# Aim of the task
Below are entries with pictures among them; reproduce exactly, and only, the lines from the one containing "Comfort is about" down to the one containing "Temperature and Humidity", without the pictures.

# Data items
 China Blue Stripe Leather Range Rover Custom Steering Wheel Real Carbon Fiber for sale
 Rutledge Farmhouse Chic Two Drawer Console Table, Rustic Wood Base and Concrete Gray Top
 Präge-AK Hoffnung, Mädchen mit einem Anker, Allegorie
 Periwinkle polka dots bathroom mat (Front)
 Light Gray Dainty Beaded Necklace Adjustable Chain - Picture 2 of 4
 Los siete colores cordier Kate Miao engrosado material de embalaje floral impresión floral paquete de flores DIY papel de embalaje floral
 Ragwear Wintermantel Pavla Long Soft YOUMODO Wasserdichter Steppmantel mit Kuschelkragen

* * *

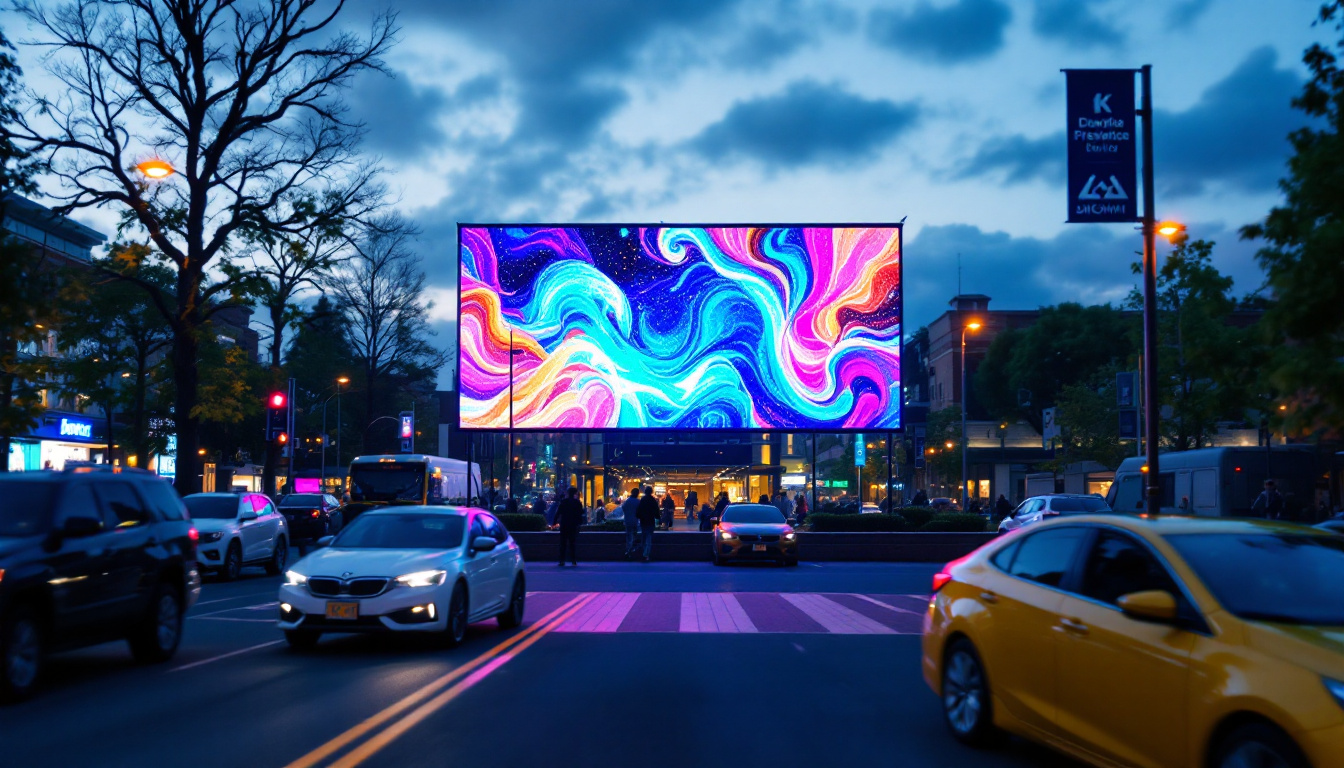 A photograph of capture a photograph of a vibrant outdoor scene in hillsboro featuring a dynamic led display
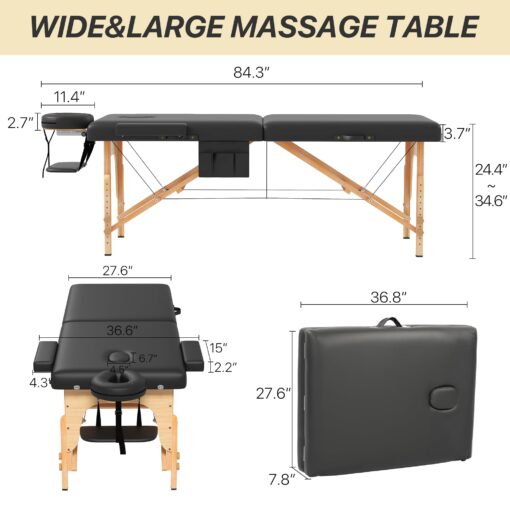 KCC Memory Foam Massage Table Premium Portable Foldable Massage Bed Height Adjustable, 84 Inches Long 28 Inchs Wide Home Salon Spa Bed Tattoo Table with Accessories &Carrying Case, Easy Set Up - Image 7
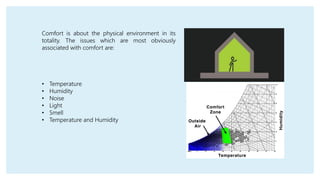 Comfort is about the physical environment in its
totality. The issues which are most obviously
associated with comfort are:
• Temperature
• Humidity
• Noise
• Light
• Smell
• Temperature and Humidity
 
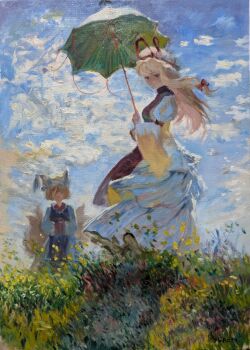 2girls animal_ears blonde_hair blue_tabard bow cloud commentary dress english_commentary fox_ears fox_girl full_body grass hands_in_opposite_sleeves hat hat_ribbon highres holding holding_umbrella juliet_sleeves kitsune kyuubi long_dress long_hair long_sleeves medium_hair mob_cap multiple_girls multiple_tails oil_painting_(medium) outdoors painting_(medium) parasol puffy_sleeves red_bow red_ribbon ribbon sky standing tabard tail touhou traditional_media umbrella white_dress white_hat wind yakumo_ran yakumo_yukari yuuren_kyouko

# Output
 Comfort is about the physical environment in its
totality. The issues which are most obviously
associated with comfort are:
• Temperature
• Humidity
• Noise
• Light
• Smell
• Temperature and Humidity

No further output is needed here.